Interesting. A continuous band of land around the planet. The oceans of the north and the oceans of the south are totally cut off from each other. Depending on changes in sea level, sea life in the southern ocean could be totally different from life in the northern ocean. Trade could be substantially different from Earth's. Depending on the terrain, early trading could be entirely land based without a real need for exploratory shipping. Wars might be fought over continental convergences since, without a strong shipping fleet, a blockade there could cut off supplies to an entire continent. Again, depending on the terrain, most of the land could be well populated as it lies mostly in the temperate zones. Good job on the rivers.
cool idea, though, without me being an expert on climates etc. wouldn't most of the world be jungles and deserts given the position of the landmass? nothing wrong with that, its just in the real-world, old-world cultures emerged in a particular region, latitude and climate. this world will be very different to that... which is cool lots of scope for coming up with interesting stuff
Thank you (behind this simple map is a Wilbur-made height/river-map). After I got to knew what wilbur could do I couldn't let myself not use it.
And yes, very intriguing - and because the setting never changed there's still huge reptiles around, and the seas (both north and south) should be full of large monstrosities.
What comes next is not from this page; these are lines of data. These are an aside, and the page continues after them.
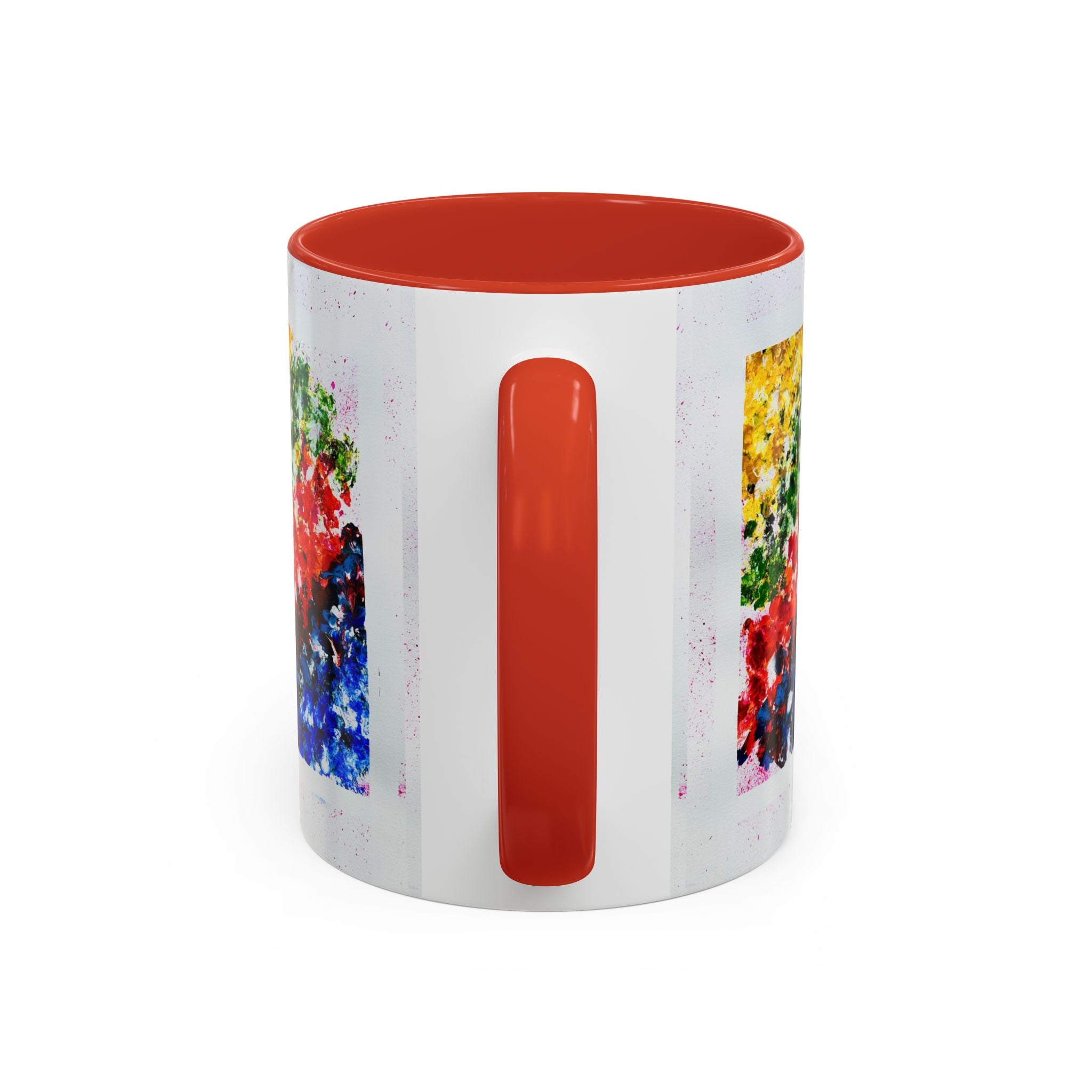 ' Blossoms' - Accent Coffee Mug (11, 15oz)
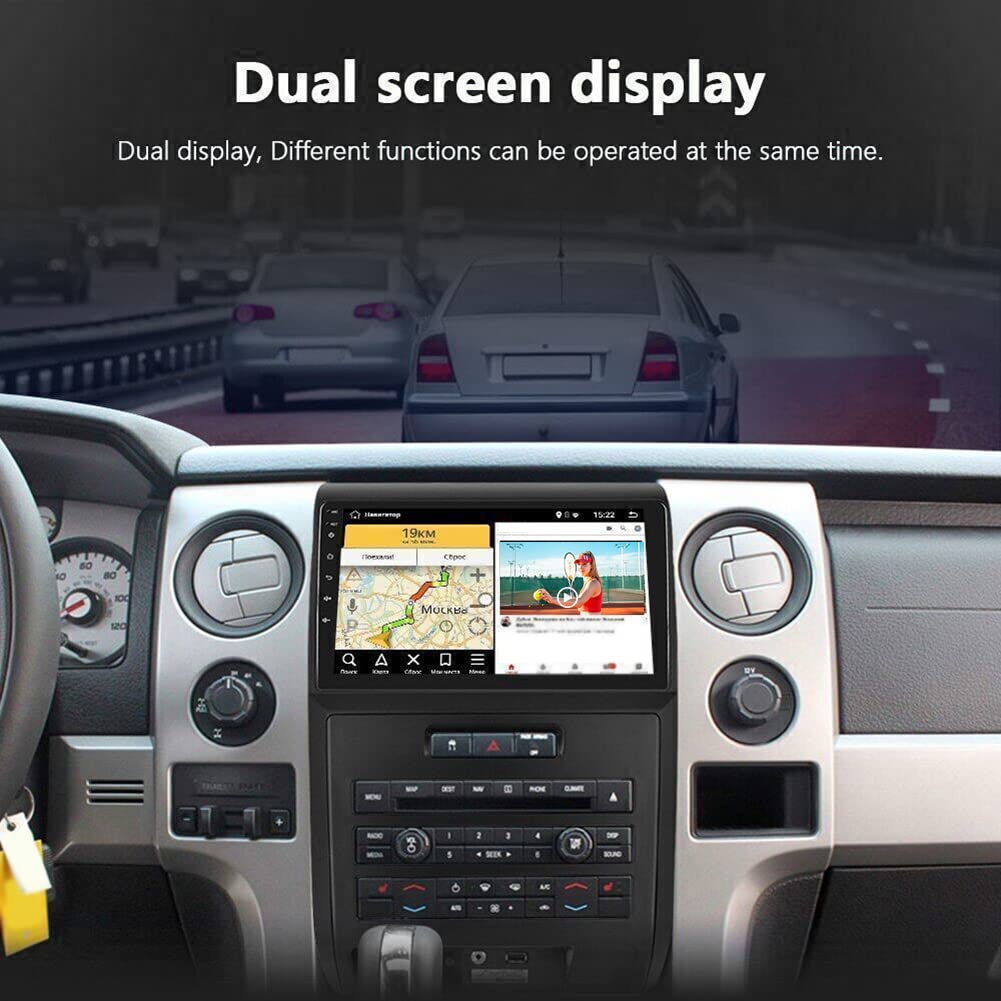 Android 13 Car Stereo Radio,Fit for RaptorF-150 2009-2014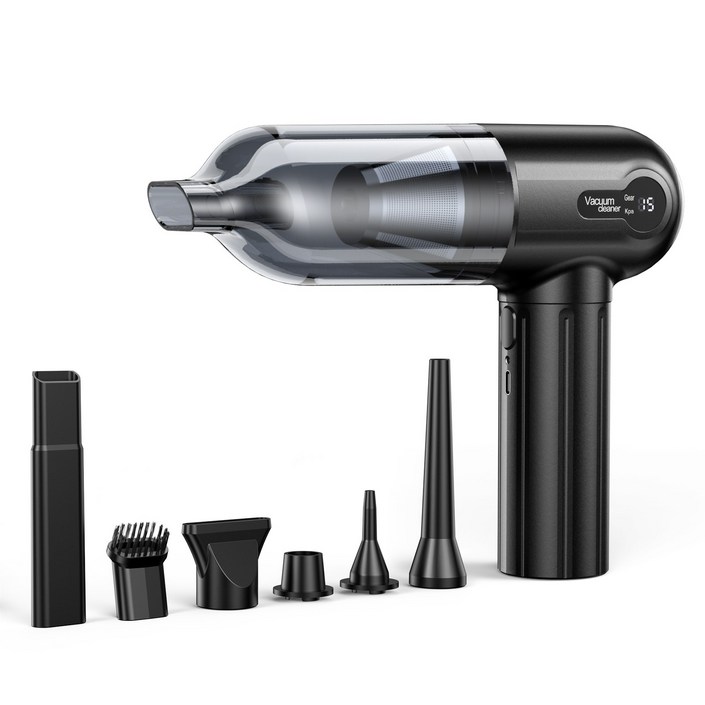 SUNGOD 차량용 무선 청소기 에어건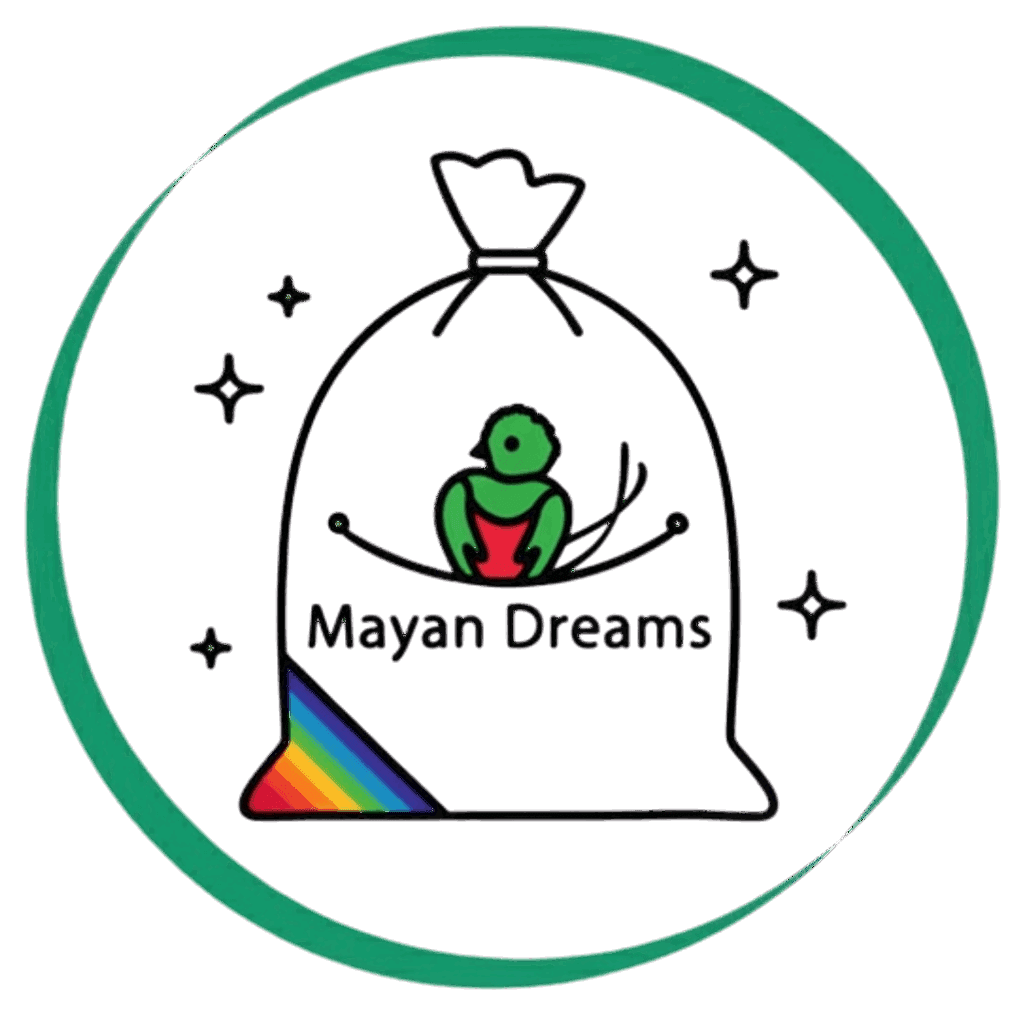 mayan dreams packaging picto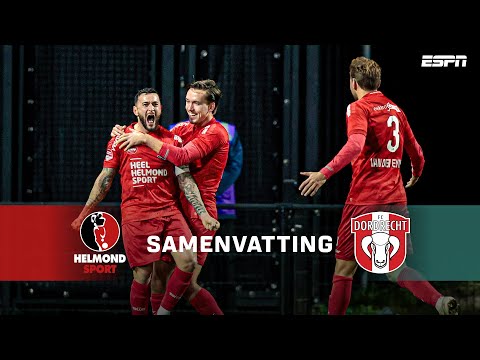 💥 POL LLONCH met een KNAL van AFSTAND | Samenvatting Helmond Sport - FC Dordrecht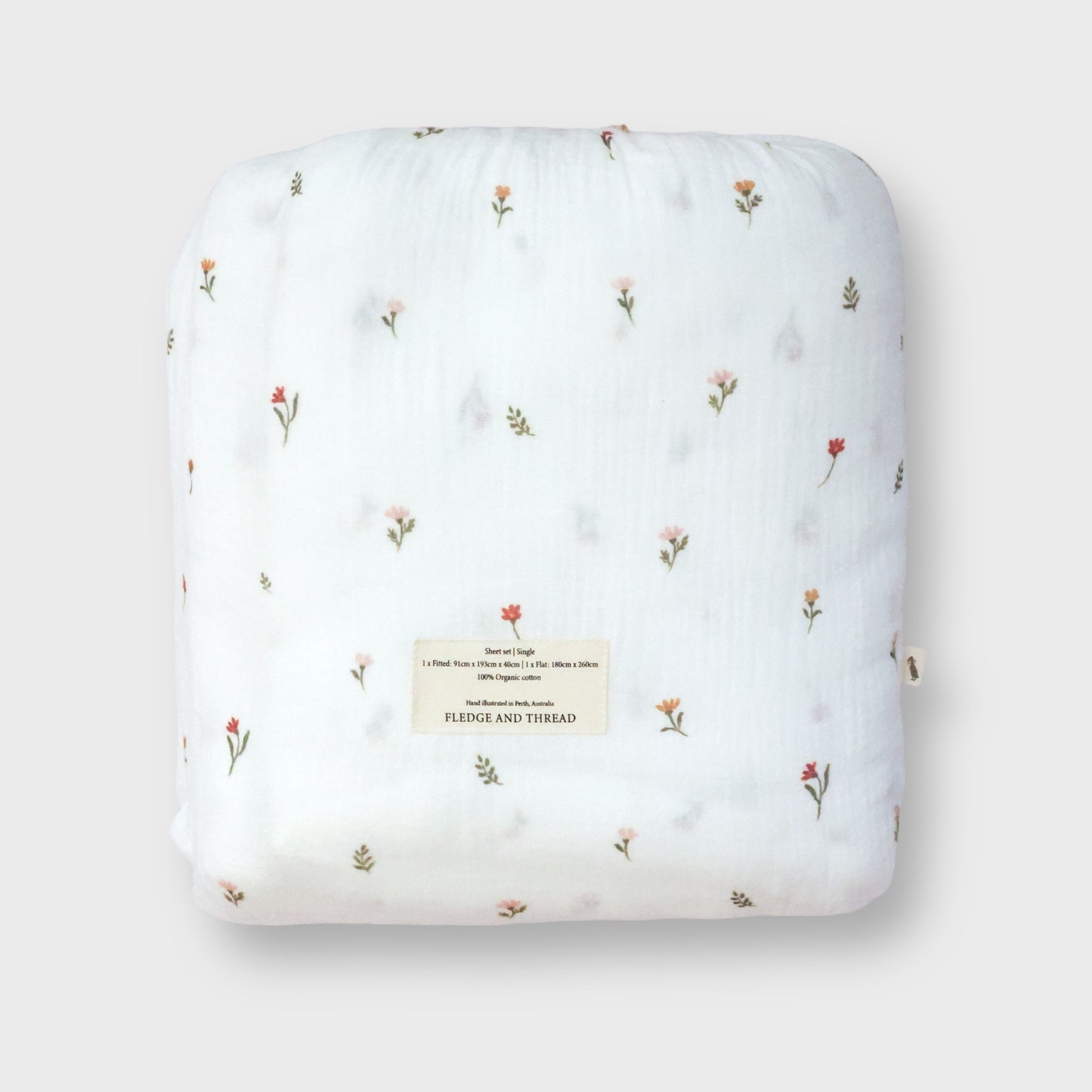 Sheet set - Cream Floral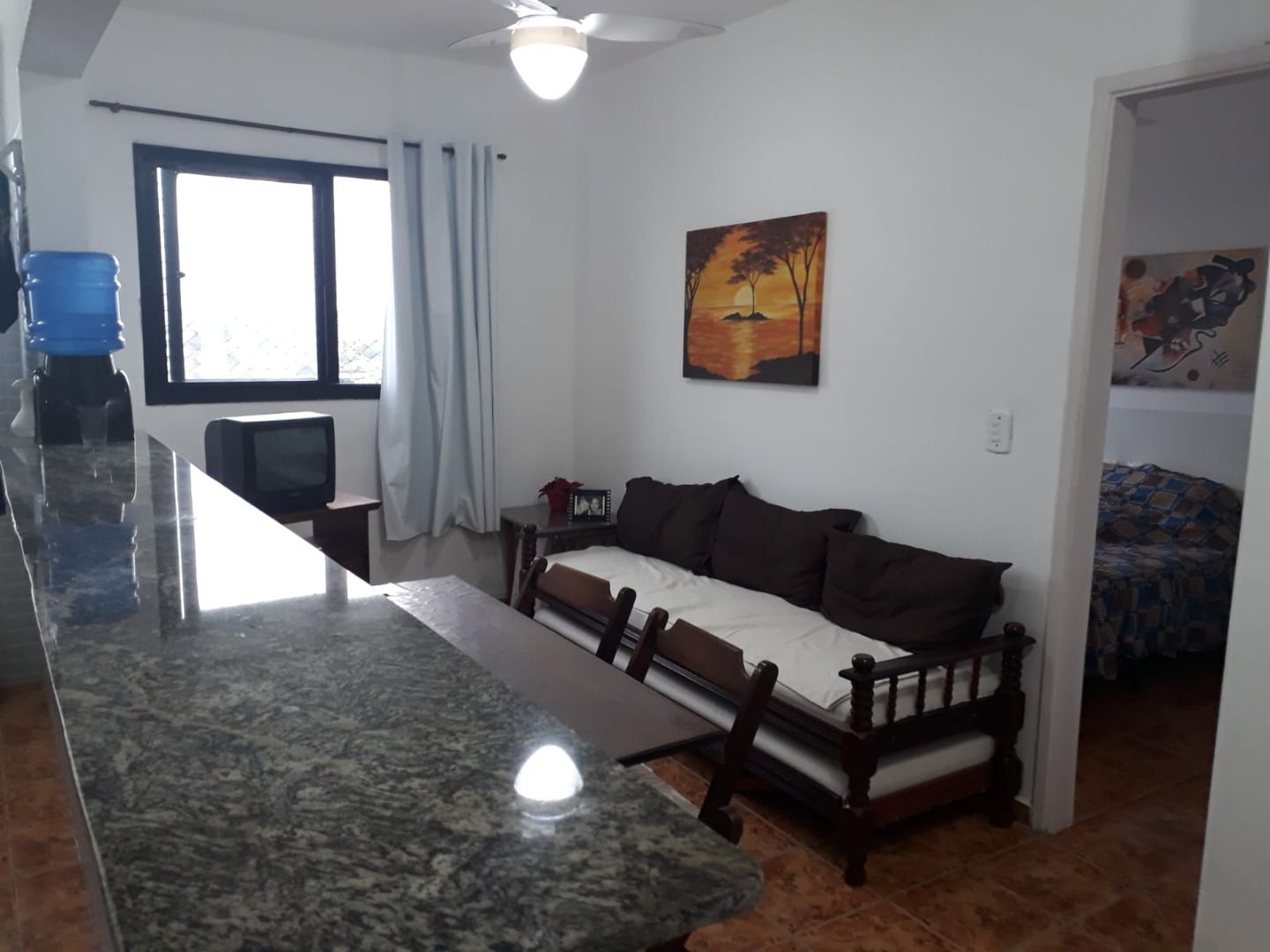 Apartamento em Cidade Ocian, Praia Grande/SP de 35m² 1 quartos à venda por R$ 199.000,00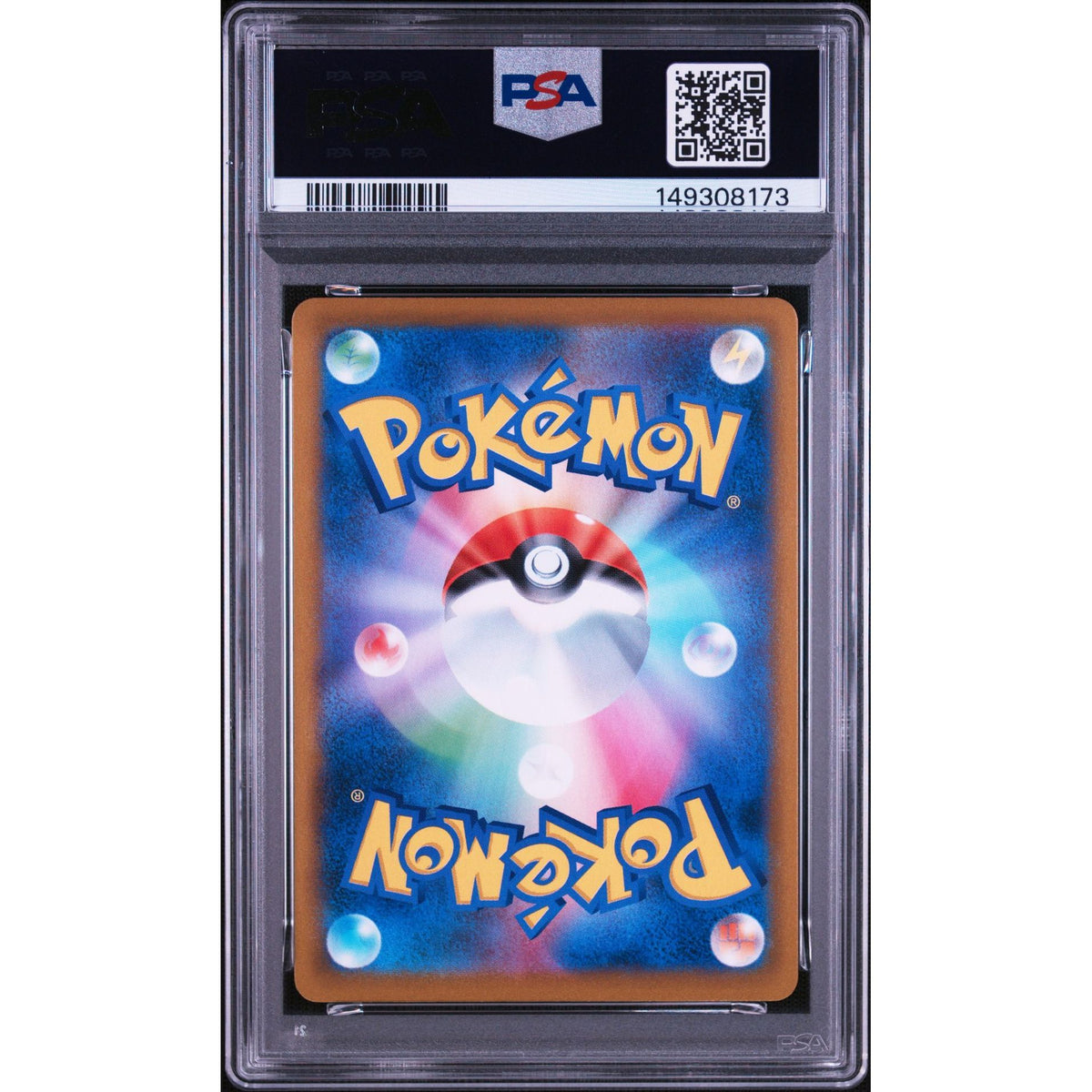 Pokémon TCG: Fa/Abomasnow {{setAbbreviation}} 185 NM PSA 10 (Back)
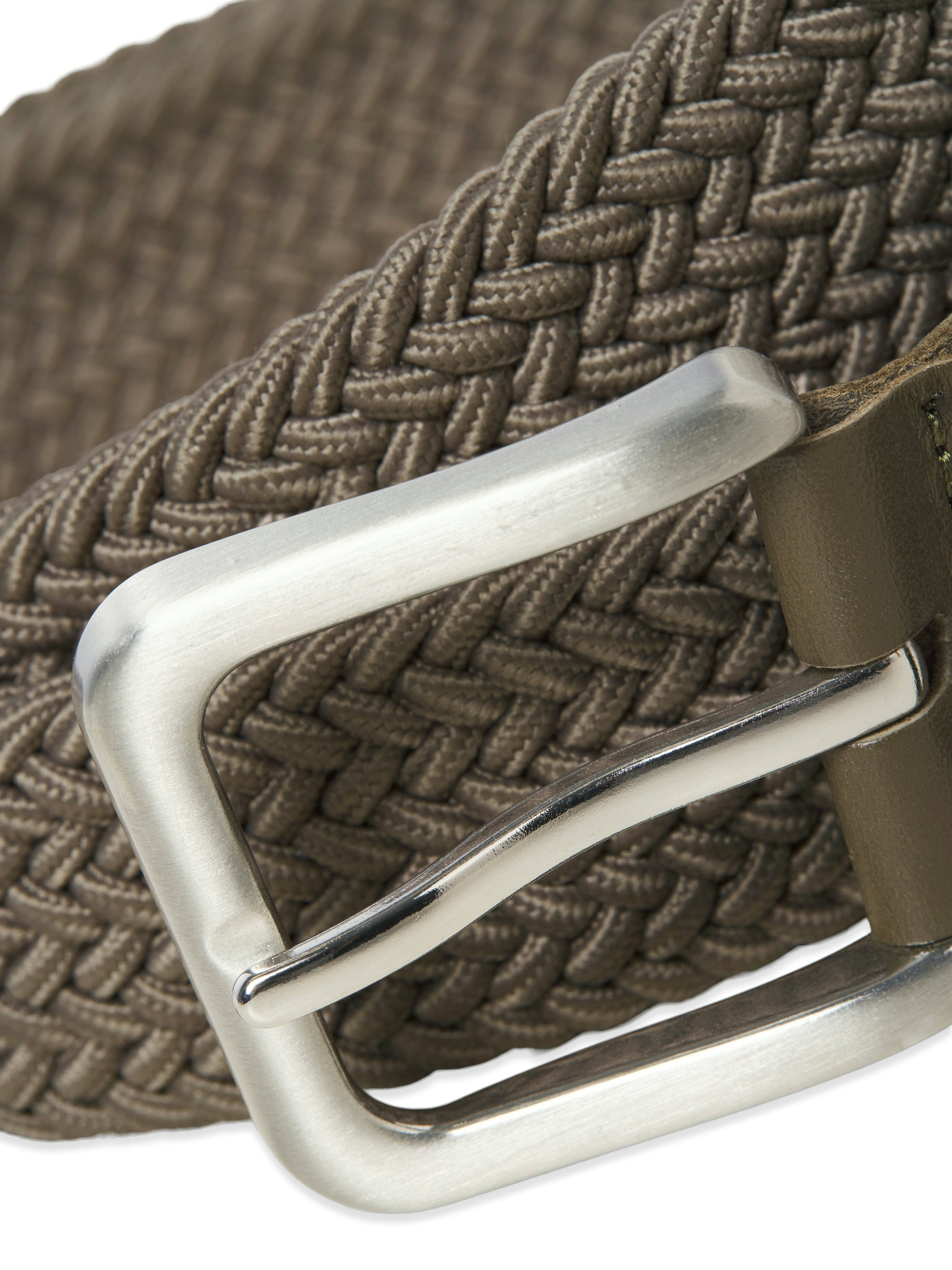 Jack & Jones Stretchgürtel JACSPRING WOVEN BELT NOOS Materialmix, verschiedene Längen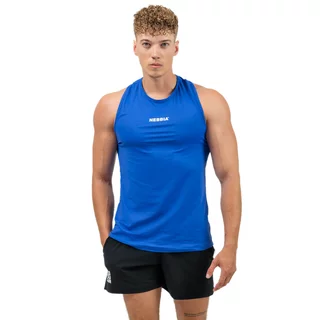 Men’s Activewear Tank Top Nebbia DYNAMIC 349 - Blue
Sea-travel should be a pretty big no-no, or only for the most brave and daring.
It's a mercator-projection of the world and most of the landmass is between 60 degrees north and 15 degrees south. That should be somewhat fertile soil for the growth of "civilization". And because the seas are not really cut off in their horizontal path they should carry enough cold to cool off the landmass even though it's huge (1000 mil = 10 000 km). But I'm not expert either! Haha.
Thanks for your interest in this, I really appreciate you commenting!